## Exercise
Output only the lines that run from the line holding "A large white" to the end of the data below, including both ends, without any pictures.

## Data provided
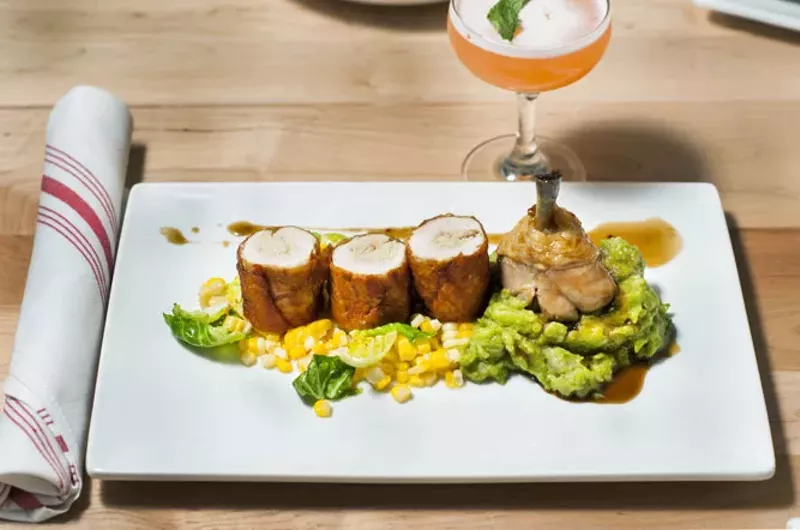 Fried chicken roulade, braised chicken leg, pesto mashed potatoes, corn, Brussel's sprouts, chicken jus - TOM PERKINS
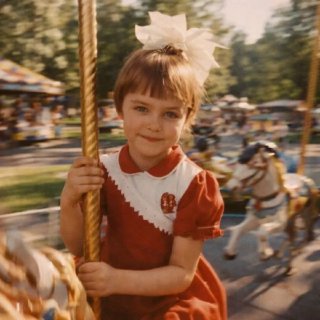 Ребёнок на карусели в парке при тёплом солнечном свете; размытие фона, эффект движения и ностальгическая домашняя эстетика фотографии.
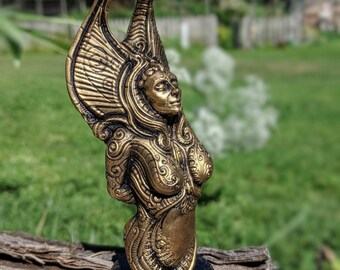 May include: A gold-colored statue of a woman with wings. The statue is detailed with intricate patterns and is standing on a black base.
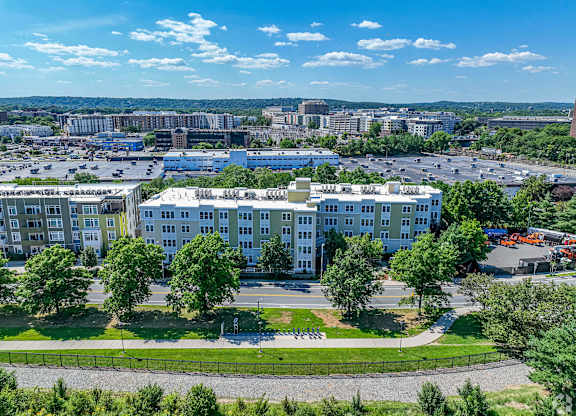 A large white building with a green lawn in front of it at Park87 Apartments, Massachusetts, 02138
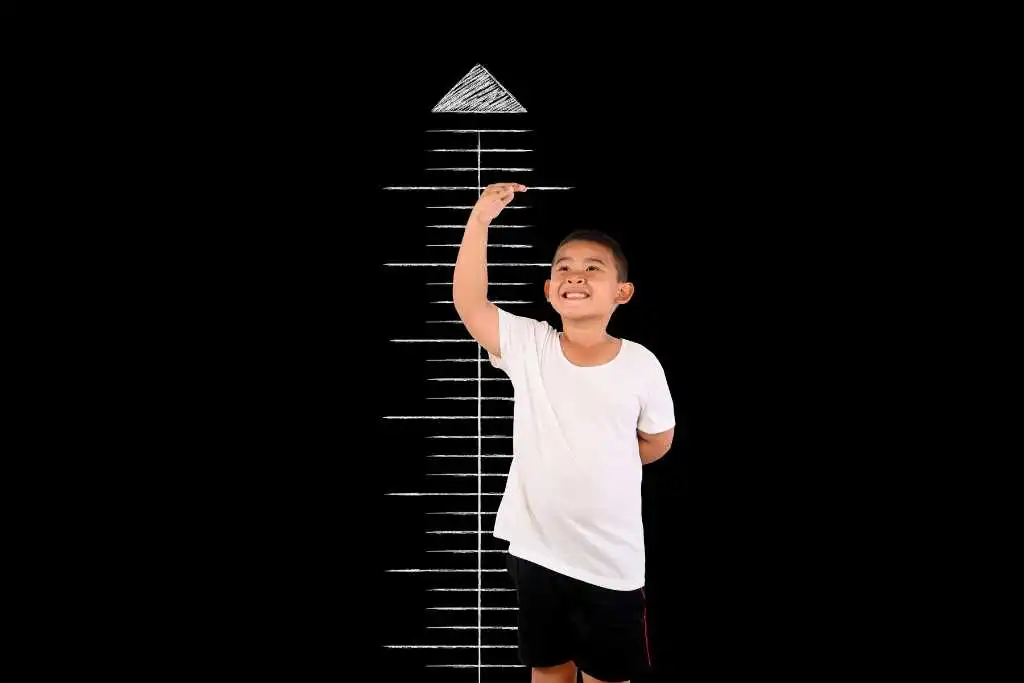Seorang anak sedang mengukur tingginya menggunakan papan tinggi badan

## Response area
 A large white building with a green lawn in front of it at Park87 Apartments, Massachusetts, 02138
Seorang anak sedang mengukur tingginya menggunakan papan tinggi badan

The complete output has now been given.